AIM OF THE EXERCISE:
Set down exactly the lines below between the line holding "Cafe Franchise for Sale Invercargill" and the line holding "صلاح يقترب من", inclusive; no other line belongs in the answer.

Crawled caption data:
▼
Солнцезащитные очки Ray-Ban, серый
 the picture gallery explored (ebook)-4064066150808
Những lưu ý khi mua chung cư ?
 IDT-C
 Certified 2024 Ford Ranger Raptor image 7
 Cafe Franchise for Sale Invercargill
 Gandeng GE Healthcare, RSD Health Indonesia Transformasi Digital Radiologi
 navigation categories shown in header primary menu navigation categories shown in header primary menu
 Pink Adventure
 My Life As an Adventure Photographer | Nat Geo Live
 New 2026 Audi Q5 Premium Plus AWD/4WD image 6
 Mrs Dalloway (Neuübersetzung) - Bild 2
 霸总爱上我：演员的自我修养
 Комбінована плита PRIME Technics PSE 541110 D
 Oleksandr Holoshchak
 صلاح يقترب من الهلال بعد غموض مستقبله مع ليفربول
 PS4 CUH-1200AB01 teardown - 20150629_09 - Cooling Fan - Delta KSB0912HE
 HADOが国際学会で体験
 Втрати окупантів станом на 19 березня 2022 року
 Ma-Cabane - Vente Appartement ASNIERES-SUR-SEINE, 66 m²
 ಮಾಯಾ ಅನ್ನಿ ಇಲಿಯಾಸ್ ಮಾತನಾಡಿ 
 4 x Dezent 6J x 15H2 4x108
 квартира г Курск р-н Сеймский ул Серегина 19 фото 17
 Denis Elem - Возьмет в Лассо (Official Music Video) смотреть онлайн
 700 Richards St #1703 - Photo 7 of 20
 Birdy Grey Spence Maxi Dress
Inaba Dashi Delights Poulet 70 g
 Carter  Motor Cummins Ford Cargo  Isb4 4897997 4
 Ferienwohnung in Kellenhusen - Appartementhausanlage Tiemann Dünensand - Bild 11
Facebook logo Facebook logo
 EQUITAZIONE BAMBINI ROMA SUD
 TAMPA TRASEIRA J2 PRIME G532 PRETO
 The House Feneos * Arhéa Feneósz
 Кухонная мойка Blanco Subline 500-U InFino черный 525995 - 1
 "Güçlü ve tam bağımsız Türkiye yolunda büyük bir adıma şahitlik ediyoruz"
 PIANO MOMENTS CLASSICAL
▲
OUTPUT OF THE EXERCISE:
 Cafe Franchise for Sale Invercargill
 Gandeng GE Healthcare, RSD Health Indonesia Transformasi Digital Radiologi
 navigation categories shown in header primary menu navigation categories shown in header primary menu
 Pink Adventure
 My Life As an Adventure Photographer | Nat Geo Live
 New 2026 Audi Q5 Premium Plus AWD/4WD image 6
 Mrs Dalloway (Neuübersetzung) - Bild 2
 霸总爱上我：演员的自我修养
 Комбінована плита PRIME Technics PSE 541110 D
 Oleksandr Holoshchak
 صلاح يقترب من الهلال بعد غموض مستقبله مع ليفربول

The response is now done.